Your assignment
Please copy the listing that follows exactly, leaving out any pictures.

Information provided
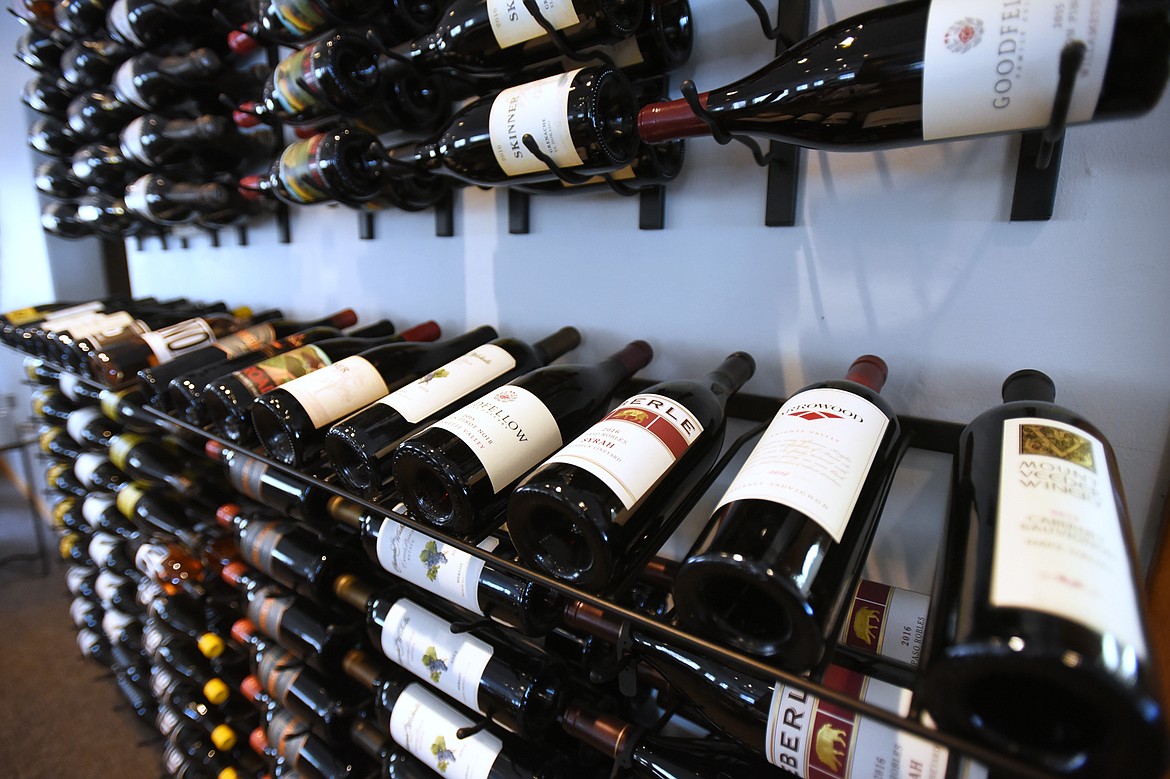 A large selection of wine on display at Stone Hill Kitchen + Bar in Bigfork on Wednesday, April 10. (Casey Kreider/Daily Inter Lake)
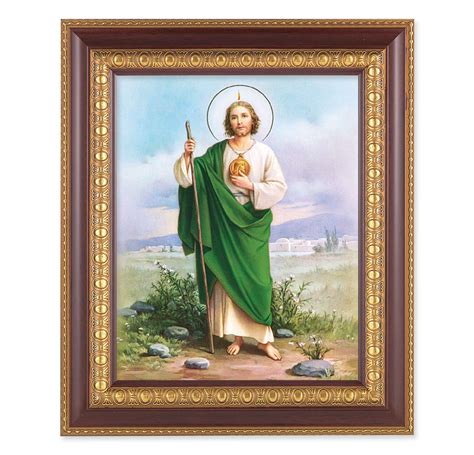 St Jude Cherry Gold Framed Art The Catholic Shop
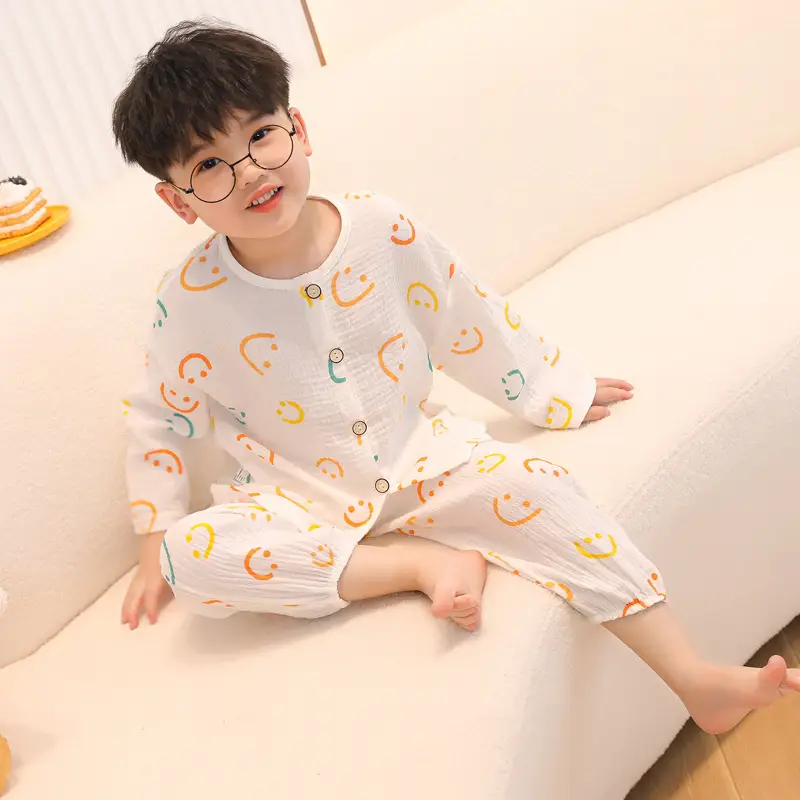Children's double-layer cotton long-sleeved pajamas 2025 new summer casual cotton gauze suit boys and girls wholesale — feature 12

The completed task
 A large selection of wine on display at Stone Hill Kitchen + Bar in Bigfork on Wednesday, April 10. (Casey Kreider/Daily Inter Lake)
 St Jude Cherry Gold Framed Art The Catholic Shop
Children's double-layer cotton long-sleeved pajamas 2025 new summer casual cotton gauze suit boys and girls wholesale — feature 12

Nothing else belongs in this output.